In [6]:
import tensorflow as tf
import numpy as np
import matplotlib.pyplot as plt

import keras
from keras.models import Model
from keras import backend as K
from keras.engine.topology import Layer
from keras.layers import Input, Dense, Conv2D, MaxPool2D, Flatten, Multiply, Permute, Embedding, LSTM, Bidirectional
from keras.preprocessing import sequence
from keras.datasets import imdb

In [2]:
max_features = 20000
maxlen = 80  # cut texts after this number of words (among top max_features most common words)
batch_size = 32

print('Loading data...')
(x_train, y_train), (x_test, y_test) = imdb.load_data(num_words=max_features)
print(len(x_train), 'train sequences')
print(len(x_test), 'test sequences')

print('Pad sequences (samples x time)')
x_train = sequence.pad_sequences(x_train, maxlen=maxlen)
x_test = sequence.pad_sequences(x_test, maxlen=maxlen)
print('x_train shape:', x_train.shape)
print('x_test shape:', x_test.shape)

Loading data...
25000 train sequences
25000 test sequences
Pad sequences (samples x time)
x_train shape: (25000, 80)
x_test shape: (25000, 80)


In [149]:
class MultiHeadAttention(Layer):
    def __init__(self, alignment_vector_size, return_sequence=False, **kwargs):
        self.alignment_vector_size = alignment_vector_size
        self.return_sequence = return_sequence
        super(MultiHeadAttention, self).__init__(**kwargs)

    def build(self, input_shape):
        self.input_shape_ = input_shape

        self.alignment_vector = self.add_weight(name="alignment_vector", shape=(self.alignment_vector_size,), initializer='uniform', trainable=True)
        self.kernel = self.add_weight(name="kernel", shape=(self.alignment_vector_size, input_shape[2]), initializer='uniform', trainable=True)
        self.bias = self.add_weight(name="bias", shape=(self.alignment_vector_size,), initializer='uniform', trainable=True)
        
        super(MultiHeadAttention, self).build(input_shape)
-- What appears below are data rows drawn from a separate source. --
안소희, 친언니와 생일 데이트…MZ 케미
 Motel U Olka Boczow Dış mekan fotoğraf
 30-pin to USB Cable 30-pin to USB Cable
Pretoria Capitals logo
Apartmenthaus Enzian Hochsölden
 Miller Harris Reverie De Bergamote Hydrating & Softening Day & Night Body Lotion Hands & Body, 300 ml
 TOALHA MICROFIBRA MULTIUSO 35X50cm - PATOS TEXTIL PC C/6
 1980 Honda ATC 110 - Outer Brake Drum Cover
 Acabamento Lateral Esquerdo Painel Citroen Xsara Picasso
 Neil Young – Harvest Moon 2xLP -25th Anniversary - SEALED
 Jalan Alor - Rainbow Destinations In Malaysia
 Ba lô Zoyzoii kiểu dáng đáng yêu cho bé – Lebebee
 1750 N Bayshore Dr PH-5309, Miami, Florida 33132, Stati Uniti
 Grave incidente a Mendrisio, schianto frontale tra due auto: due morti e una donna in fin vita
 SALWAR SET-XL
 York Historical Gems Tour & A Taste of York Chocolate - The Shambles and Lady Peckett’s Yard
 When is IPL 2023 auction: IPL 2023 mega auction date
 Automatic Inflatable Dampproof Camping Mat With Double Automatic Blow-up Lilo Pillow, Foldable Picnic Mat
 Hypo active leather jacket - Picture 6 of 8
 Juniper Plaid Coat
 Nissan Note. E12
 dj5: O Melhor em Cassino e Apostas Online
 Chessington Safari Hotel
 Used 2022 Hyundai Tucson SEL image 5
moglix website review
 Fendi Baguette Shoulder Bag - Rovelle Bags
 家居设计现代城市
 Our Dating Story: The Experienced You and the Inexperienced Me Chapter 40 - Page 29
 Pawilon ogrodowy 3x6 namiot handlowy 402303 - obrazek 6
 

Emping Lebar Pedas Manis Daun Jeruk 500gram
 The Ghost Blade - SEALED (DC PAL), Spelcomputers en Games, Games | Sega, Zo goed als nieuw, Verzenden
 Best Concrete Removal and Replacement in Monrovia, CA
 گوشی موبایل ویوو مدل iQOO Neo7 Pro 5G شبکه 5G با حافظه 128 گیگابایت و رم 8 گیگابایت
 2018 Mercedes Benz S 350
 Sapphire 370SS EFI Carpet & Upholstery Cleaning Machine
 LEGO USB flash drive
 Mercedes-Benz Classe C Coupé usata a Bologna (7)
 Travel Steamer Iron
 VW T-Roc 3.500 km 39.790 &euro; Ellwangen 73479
    def call(self, hidden_state_sequence): 
        hidden_state_sequence.set_shape(self.input_shape_)
        
        u = K.tanh( K.squeeze(K.dot(hidden_state_sequence, K.expand_dims(self.kernel)), axis=-1) + self.bias )
        
        aligned_u = K.squeeze(K.dot(u, K.expand_dims(self.alignment_vector)), axis=-1)
        attention_weights = K.softmax( aligned_u, axis=1 )
        
        if self.return_sequence:
            context_vector = K.expand_dims(attention_weights,axis=2) * hidden_state_sequence
        else:
            context_vector = K.sum( K.expand_dims(attention_weights,axis=2) * hidden_state_sequence, axis=1 )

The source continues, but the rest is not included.